- Data for review -
● ● ● ●

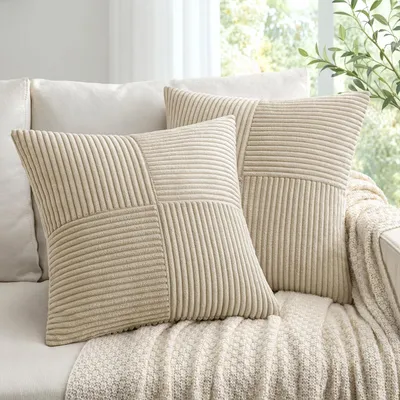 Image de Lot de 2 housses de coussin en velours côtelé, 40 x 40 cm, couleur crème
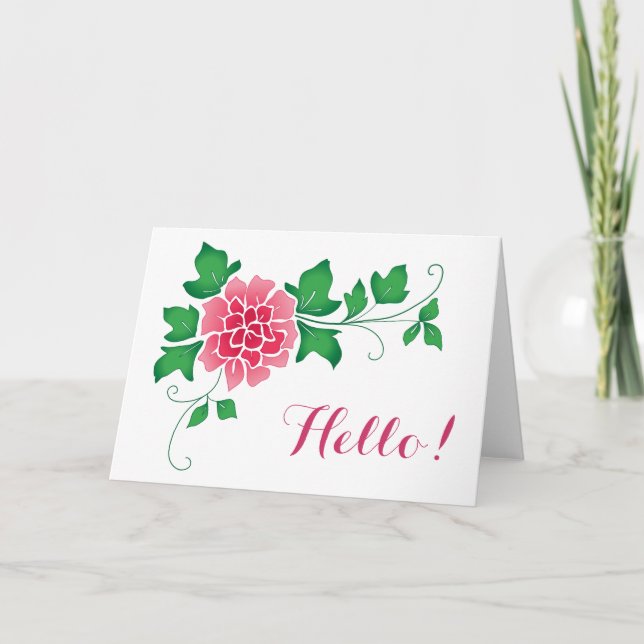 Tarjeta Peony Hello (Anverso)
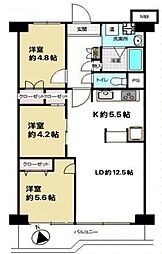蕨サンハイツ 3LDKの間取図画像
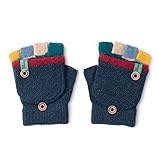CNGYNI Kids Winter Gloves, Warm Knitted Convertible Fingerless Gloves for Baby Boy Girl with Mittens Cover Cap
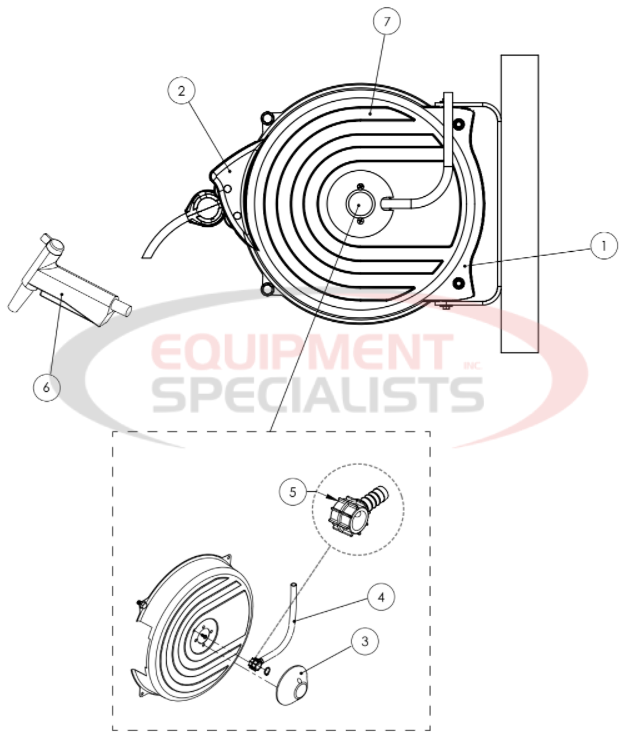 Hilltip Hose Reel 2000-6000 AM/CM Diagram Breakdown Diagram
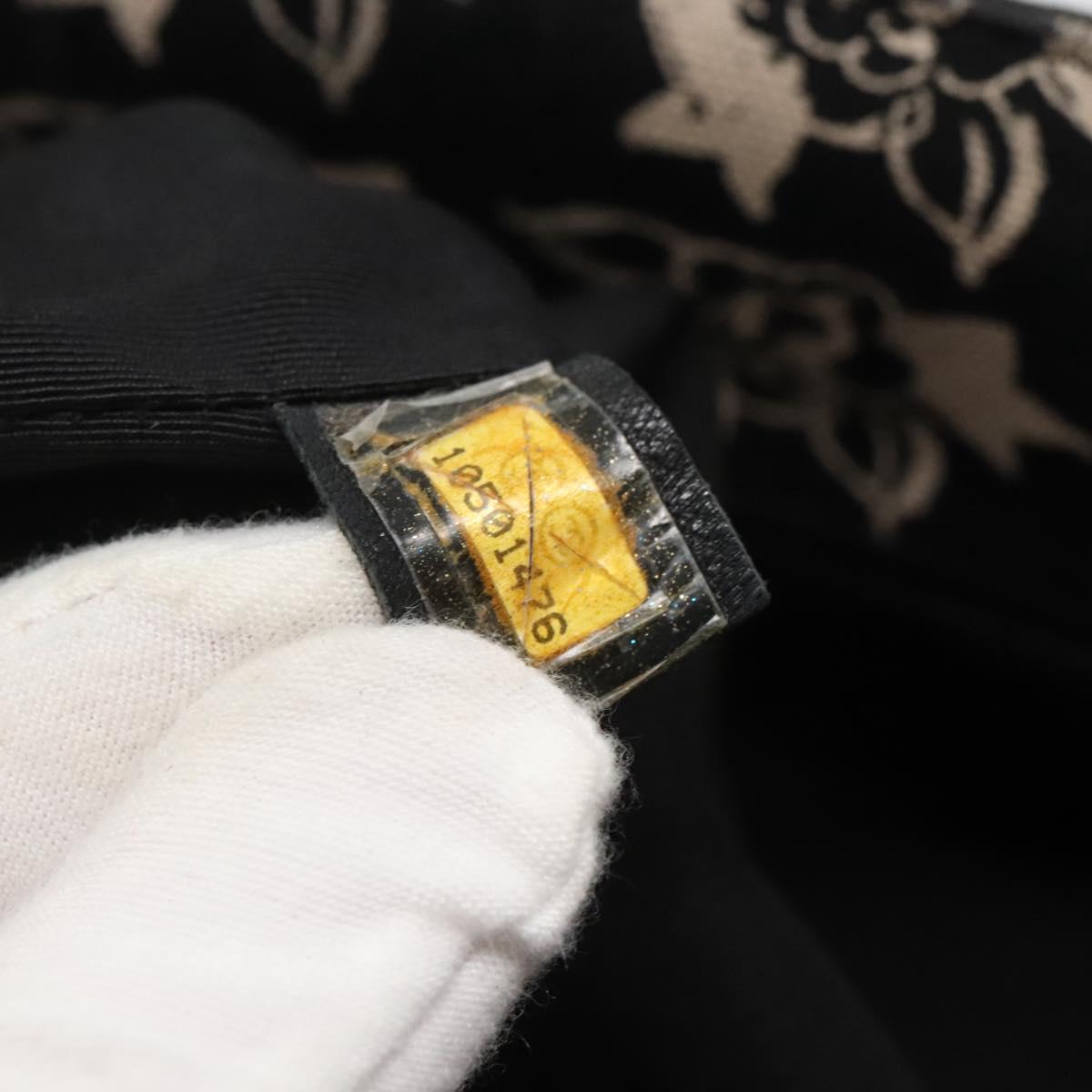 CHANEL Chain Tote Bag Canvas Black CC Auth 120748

● ● ● ●

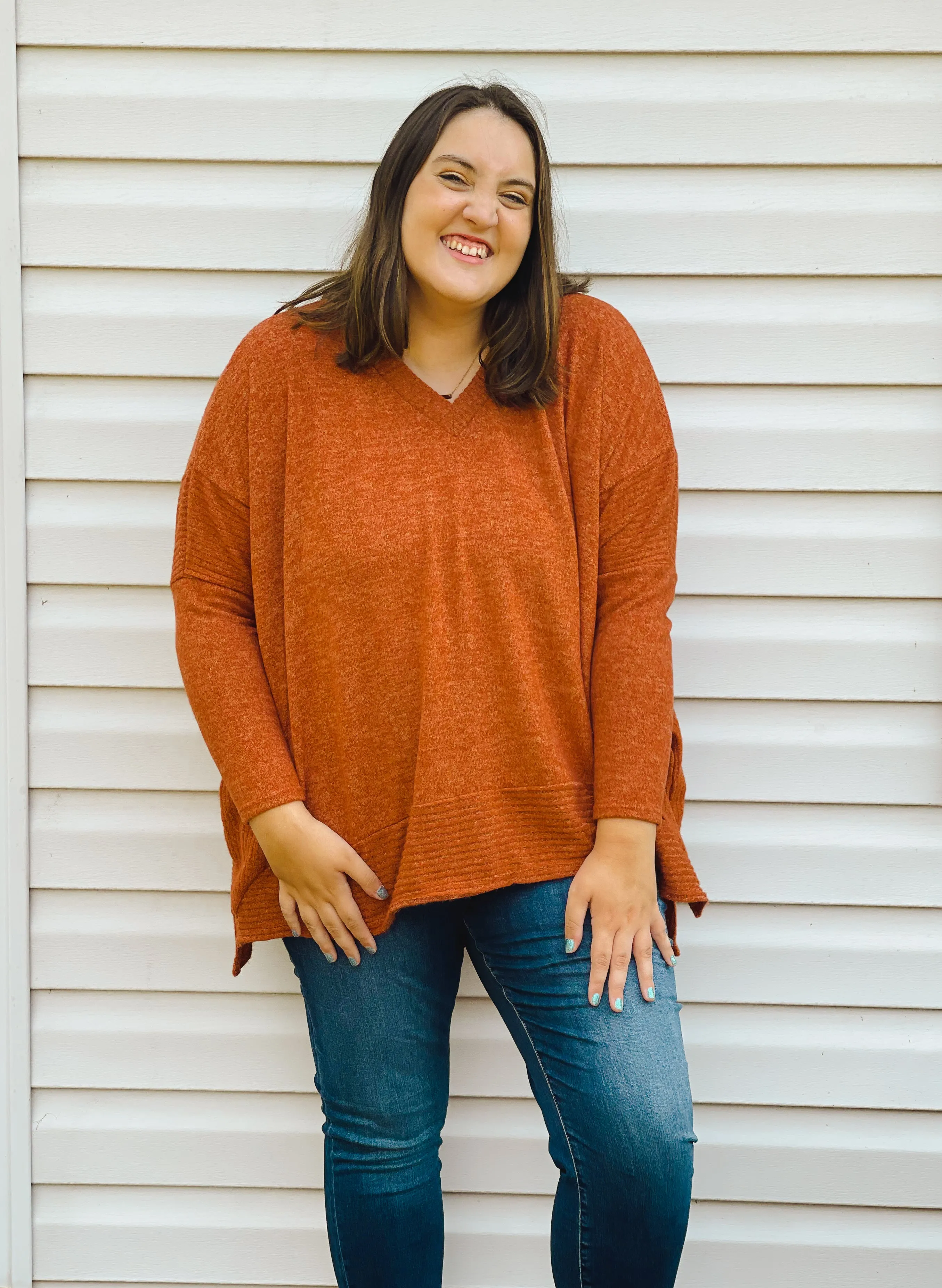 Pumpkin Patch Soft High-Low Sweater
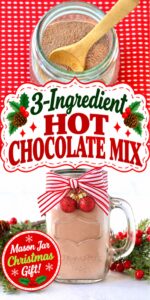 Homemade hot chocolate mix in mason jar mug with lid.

● ● ● ●

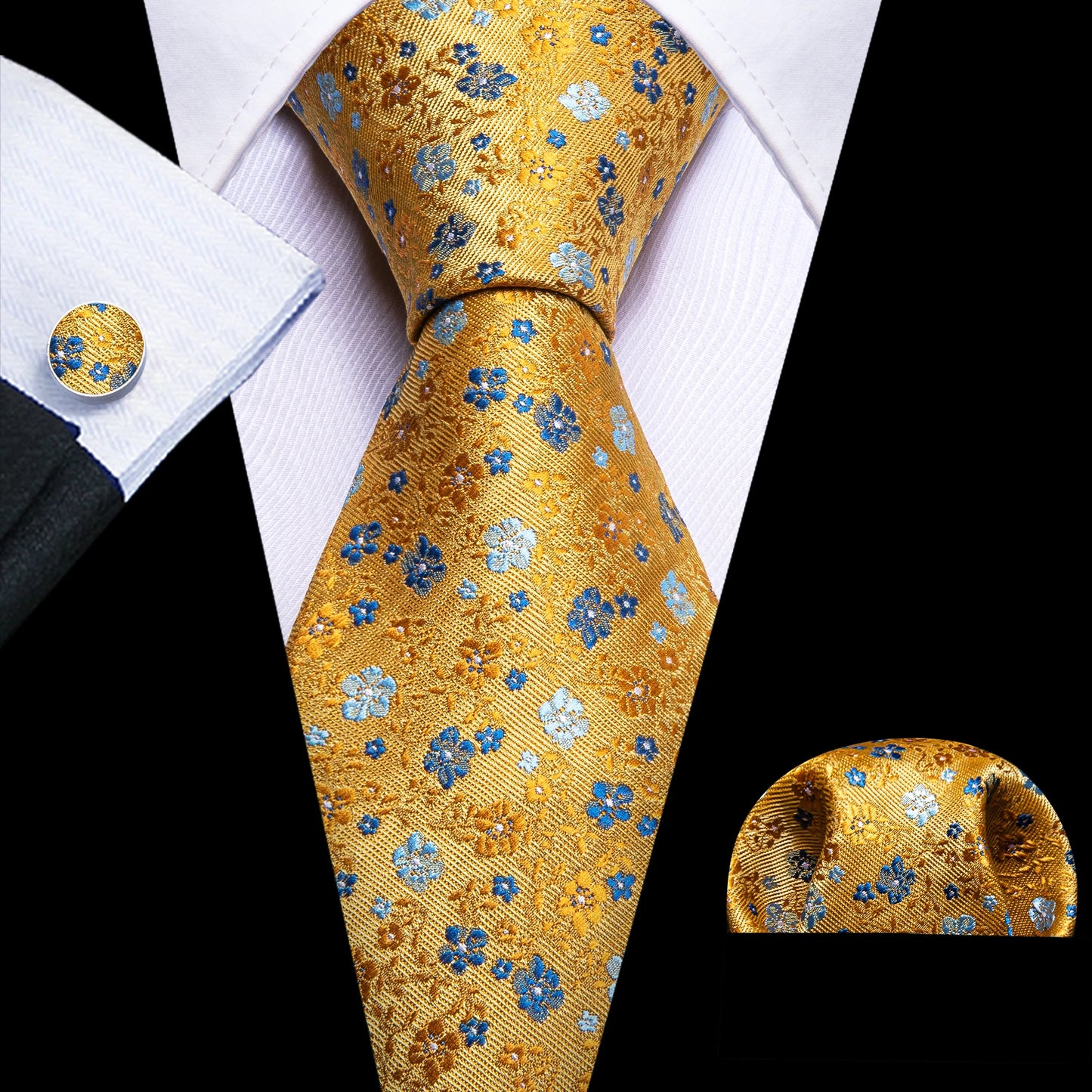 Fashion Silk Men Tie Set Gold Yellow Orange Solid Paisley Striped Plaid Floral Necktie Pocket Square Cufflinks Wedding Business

● ● ● ●

When you reach the line holding "CNGYNI Kids Winter" in the listing above, begin retyping exactly, and stop once the line holding "CHANEL Chain Tote" is done; pictures stay out.

CNGYNI Kids Winter Gloves, Warm Knitted Convertible Fingerless Gloves for Baby Boy Girl with Mittens Cover Cap
 Hilltip Hose Reel 2000-6000 AM/CM Diagram Breakdown Diagram
 CHANEL Chain Tote Bag Canvas Black CC Auth 120748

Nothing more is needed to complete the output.